This early German Romantic understanding of the function of poetry, and literature more generally, though never again articulated so rigorously, went on to shape profoundly modern thinking about the literary arts. The notion that the written word, in its failings and inadequacy, can somehow be interpreted as bearing witness to a type of knowledge that cannot be grasped directly—a sort of literary via negativa—has proved hugely influential. It is an understanding of Romanticism that is no doubt not as readily identifiable as the sort of broad cultural understanding of Romanticism associated with authentic emotional and intuitive attunement, as discussed earlier, but, acknowledged or otherwise, it continues to inform contemporary theoretical discourse, and it perhaps offers a useful lead in thinking about how an artform can be understood as a form of thinking. It is certainly the case that the legacy of early German Romanticism can be seen informing discussions of literature’s relationship with thought. An early intervention in the contemporary debate on this topic is Pierre Macherey’s À quoi pense la littérature? (1990), translated into English as The Object of Literature. Pursuing the question ‘What form of thought is contained in literary texts, and can it be extracted from them?’, Macherey writes:

Literature and philosophy are inextricably entwined [mêlées]. Or at least they were until history established a sort of official division between the two.

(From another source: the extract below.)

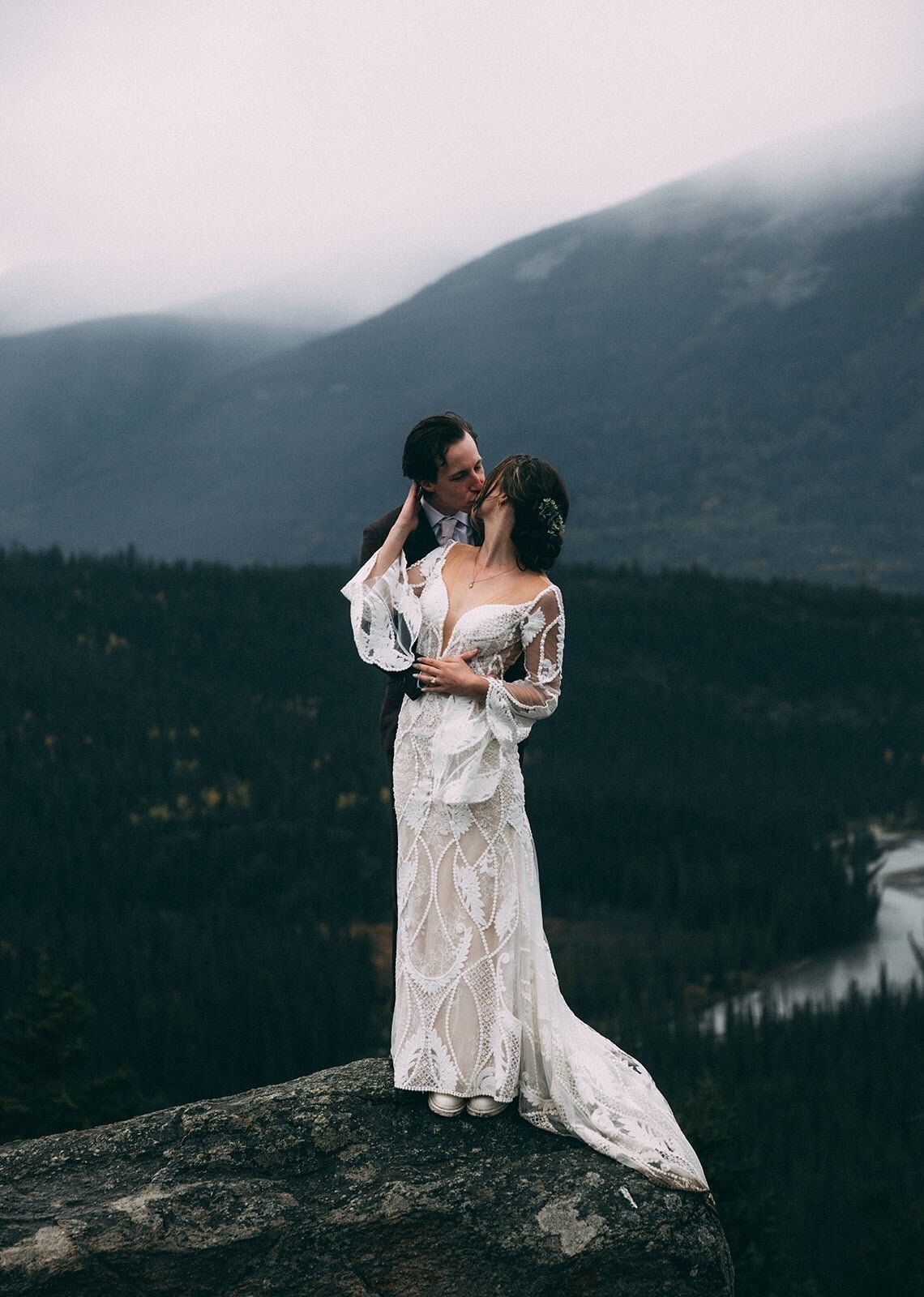 Alberta elopement and micro-wedding galleries by Allie Knulls Photography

That occurred at the end of the eighteenth century, when the term ‘literature’ began to be used in its modern sense. (1995, 3)

Tellingly, he suggests that ‘[t]his modernity is illustrated perfectly by the mythology of the absent Book (or the “book to come”) which, from the poet and theorists of the Athenaeum to Mallarmé and then Blanchot, commemorates the lost community of literature and philosophy’ (13). Recently it is this Romantic line of thought that has led Ben Lerner to conclude that ‘[t]he poem is always a record of failure’ (2016, 13) and that ‘[p]oetry isn’t hard: it’s impossible’ (14). For Lerner, it is the failure of poem which holds open the place for a poetry-to-come: ‘There is no genuine poetry; there is only, after all, a place for it’ (18), and ‘“Poetry” becomes a word for that possibility whose absence we sense in […] poems’ (91).

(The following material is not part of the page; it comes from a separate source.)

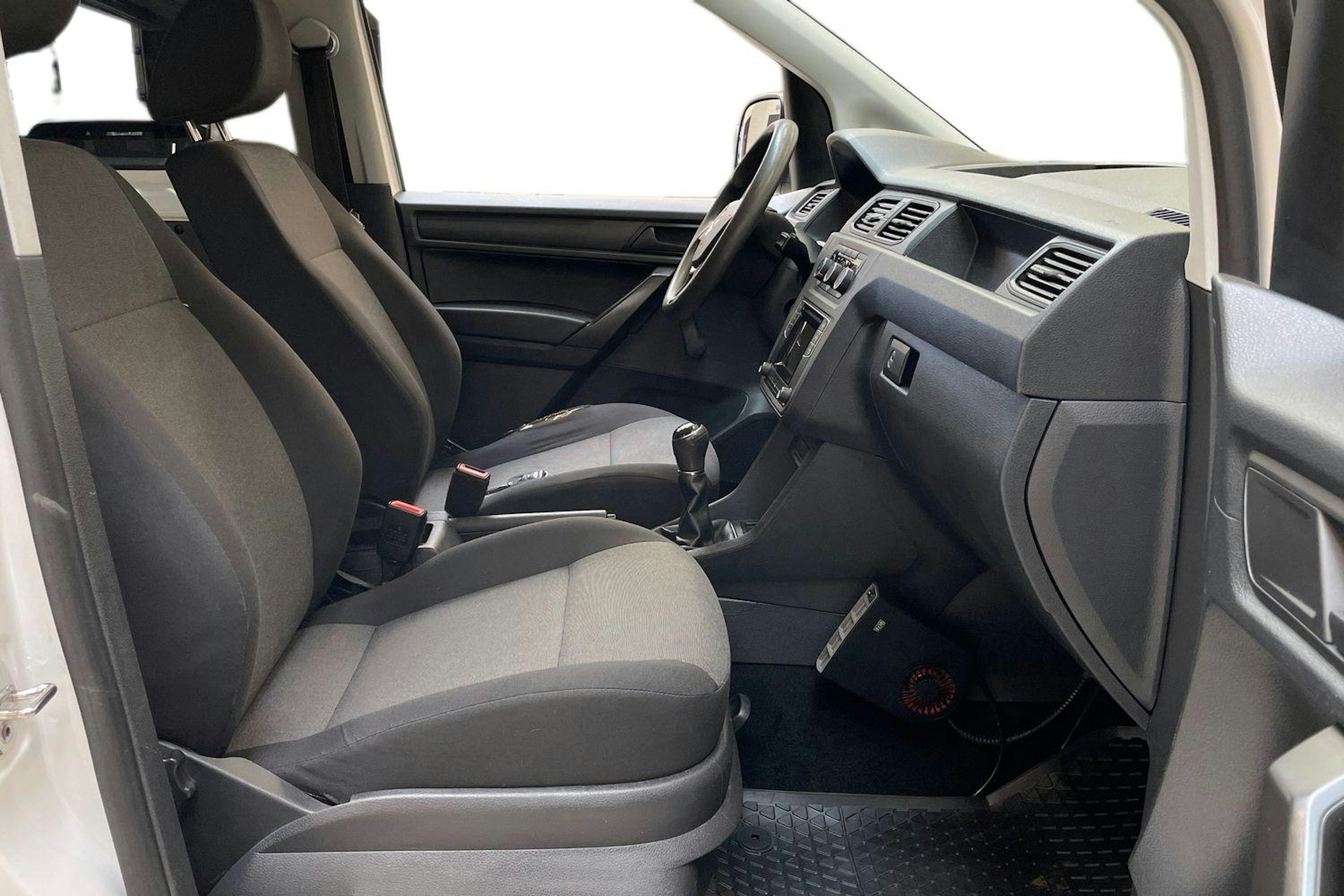 valkoinen Volkswagen Caddy Maxi 2016 kuva 10.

Stathis Gourgouris, in Does Literature Think?, sees early German Romanticism as marking the emergence of literature as ‘an interrogative, self-reflexive, theoretical practice’:

In their influential treatment of German Romanticism, Jean-Luc Nancy and Philippe Lacoue-Labarthe explicitly propose researching what they call ‘theoretical romanticism’ outside of any periodizing notions of Romanticism (as school, movement, literary tendency, etc.), in order to disentangle what they identify as literature’s first theoretical instance. (2003, 5)

Interestingly, Gourgouris characterizes literature’s theoretical mode as performative (11), suggesting that as such it ‘challenges our usual definitions of knowledge in strict conceptual terms’:

Instead, it demands that we account for the implicit, the nonpalpable, the ineffable, the perfectly contingent. It demands a nonalgorithmic, nonpropositional, ‘noncognitive,’ but nonetheless expert knowledge […]. (18)

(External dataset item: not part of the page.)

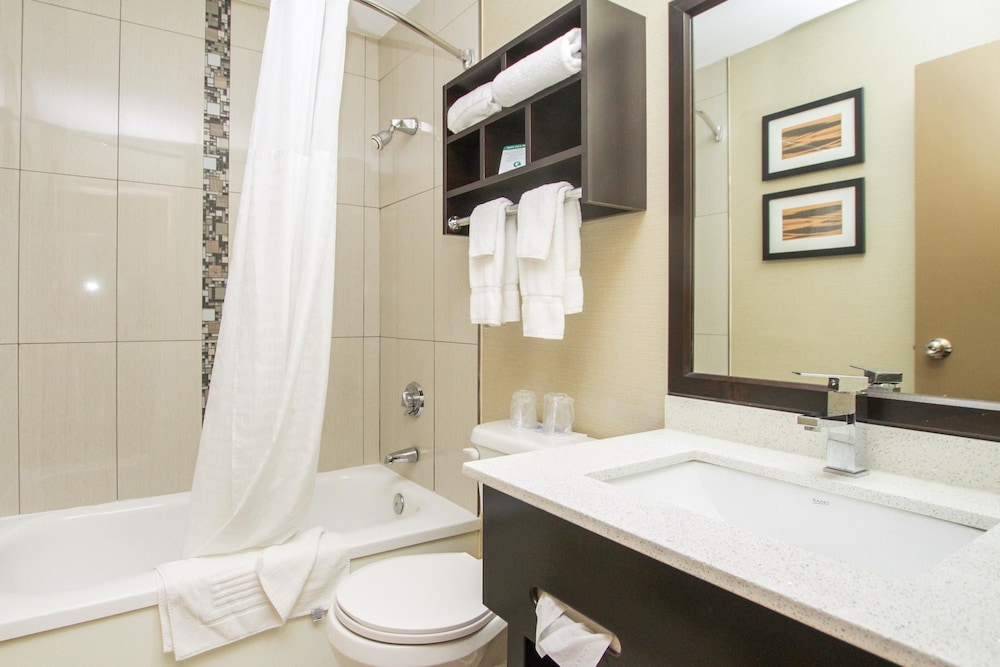 Comfort Inn Cornwall, ON 12/41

As Terrance Cave puts it in Thinking with Literature, ‘literature is both an instrument and a vehicle of thought. The kind of thinking it affords may in some cases be close to philosophical, ethical, or political thought, but it is never reducible to those modes’ (2016, 12).

Performance philosophy: failing to think?

The broadly Romantic example of how literature has been theorized as an organon of thought might provide cues for how Performance Philosophy might conceive of performance as a type of thinking. What seems particularly pertinent is the way in which Romanticism mapped out an aesthetics of failure wherein the experience of not-knowing serves a philosophical function, bringing us closer to truth. This does not result in knowledge per se, but, the idea goes, it renders us less deceived about the world. Although this is hardly thinking in any classical sense, it could be understood as an implicitly cognitive operation, albeit one that is integrated into artistic practice.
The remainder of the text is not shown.